Moscovici: “Bene Italia, ma ora riduca il deficit”

[AdnKronos]

 

La Commissione europea “ha preso atto degli annunci degli ultimi giorni sulla riduzione del deficit” in rapporto al Pil previsto per il 2019 in Italia, annunci che costituiscono “un passo nella direzione giusta” Così il commissario europeo agli Affari Economici e Finanziari Pierre Moscovici, in conferenza stampa al termine della riunione dell’Eurogruppo a Bruxelles, che è durata tutta la notte. “Aspettiamo ulteriori dettagli per valutare la dimensione di questi passi. E’ chiaro che servono impegni molto concreti e credibili: saremo sempre disponibili alla flessibilità, ma nel quadro delle regole. Il divario” tra le posizioni italiane sulla manovra economica e il livello richiesto dalle regole di bilancio Ue “va ridotto ulteriormente”, precisa.
“Non contestiamo la riforma delle pensioni, le scelte del governo italiano, perché sta al governo italiano fare le proprie scelte politiche”, ha risposto poi il commissario europeo a chi gli chiedeva come spiegasse il fatto che i dipendenti delle istituzioni Ue possono andare in pensione con 10 anni di anzianità, mentre ai pensionati italiani si chiedono requisiti assai più elevati (e mentre la Commissione ha criticato la prevista ‘controriforma’ della legge Fornero). “Quello che stiamo tentando di ottenere – ha aggiunto Moscovici – è semplicemente il rispetto delle regole del patto di stabilità e dobbiamo assicurarci che ci sia compatibilità tra il patto di stabilità e questi obiettivi politici. Questo è lo spirito della discussione, né più né meno. Dimentichiamoci del resto. Non sono così sicuro che i parlamentari italiani abbiano bisogno di 38 anni per andare in pensione”.

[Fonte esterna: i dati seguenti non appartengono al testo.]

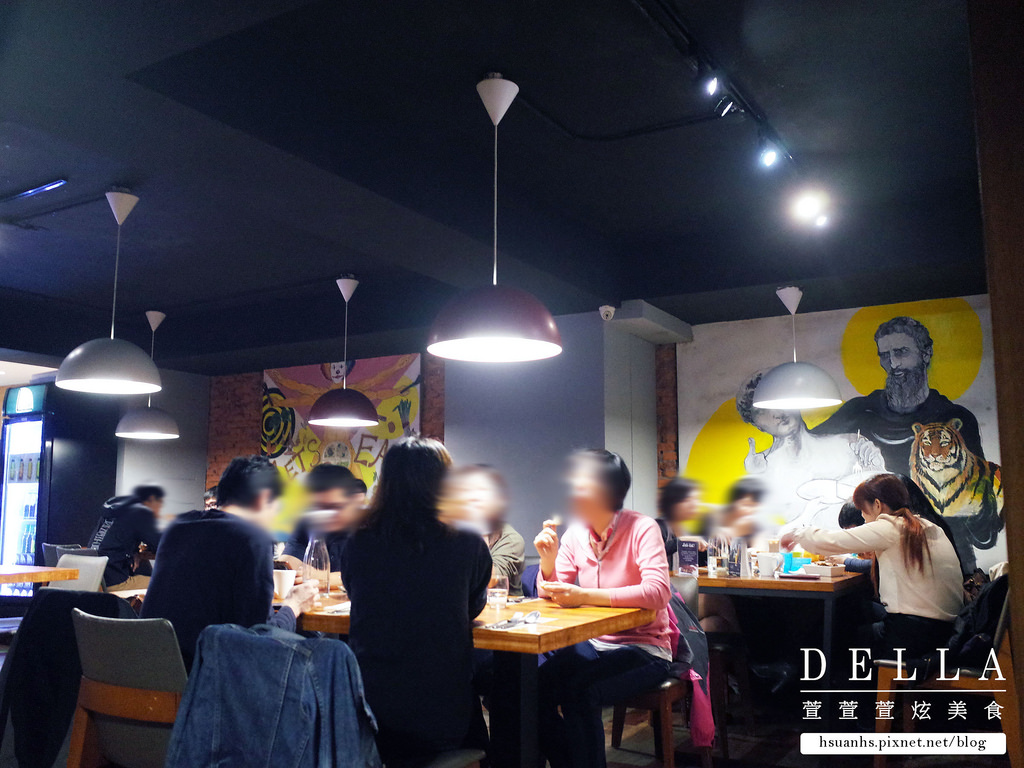 【台北】吃義燉飯。台北最專業的燉飯料理 美味第一名！飯後搭"深夜裡的法國手工甜點"(激推松露磚塊雞腿排奶油野菇燉飯)(捷運南京復興)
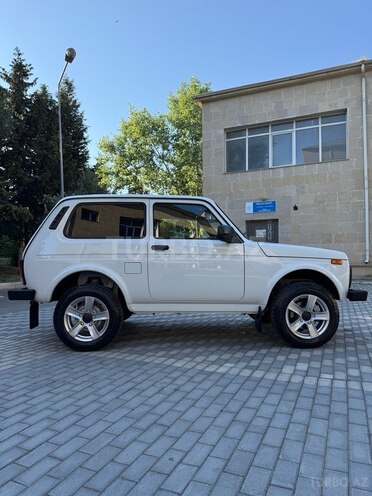 LADA (VAZ) Niva-5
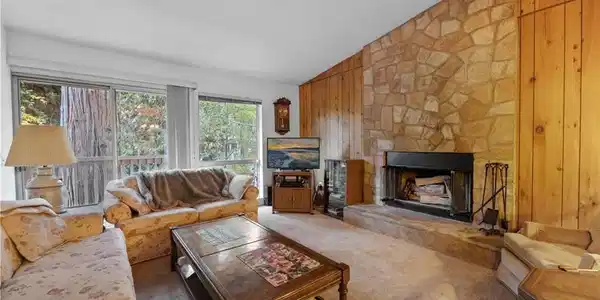103 Rockledge Lane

L’articolo 77 dello Statuto dei funzionari dell’Ue riporta che “il funzionario che ha compiuto almeno dieci anni di servizio ha diritto a una pensione di anzianità. Tuttavia, egli ha diritto a tale pensione pre­scindendo dagli anni di servizio se ha superato l’età pensionabile, ov­vero non ha potuto essere reintegrato nel corso di un periodo di dispo­nibilità, o infine in caso di dispensa dall’impiego nell’interesse del servizio”. “L’ammontare massimo della pensione di anzianità – continua lo Statuto – è fissata al 70% dell’ultimo stipendio base relativo all’ultimo grado nel quale è stato inquadrato il funzionario durante almeno un anno. L’1,80 % di tale ultimo stipendio base è pagabile al funzionario per ciascun anno di servizio calcolato in base alle disposizioni dell’articolo 3 dell’allegato VIII”. “Tuttavia, per i funzionari i quali abbiano assistito una persona che assolva un mandato previsto dal trattato sull’Unione europea e dal trat­tato sul funzionamento dell’Unione europea, il presidente eletto di un’istituzione o di un organo dell’Unione, ovvero il presidente eletto di uno dei gruppi politici presso il Parlamento europeo, i diritti alle pensioni corrispondenti agli anni di servizio compiuti nell’esercizio di detta funzione sono calcolati sulla base dell’ultimo stipendio base per­cepito nella posizione suddetta, sempre che tale stipendio sia superiore a quello preso in considerazione in base alle disposizioni del secondo comma del presente articolo”. “L’importo della pensione di anzianità non può essere inferiore al 4% del minimo vitale per ogni anno di servizio. L’età pensionabile si raggiunge a 66 anni. L’età pensionabile è valutata ogni cinque anni a decorrere dal 10 gennaio 2014 sulla base di una relazione della Commissione al Parlamento europeo e al Consiglio. La relazione esamina in particolare l’evoluzione dell’età pensionabile del personale delle amministrazioni pubbliche degli Stati membri e l’evoluzione della speranza di vita dei funzionari delle istituzioni. Se del caso, la Commissione presenta proposte di modifica dell’età pensionabile in linea con le conclusioni di detta relazione, dedicando attenzione specifica agli sviluppi negli Stati membri”, conclude l’articolo 77.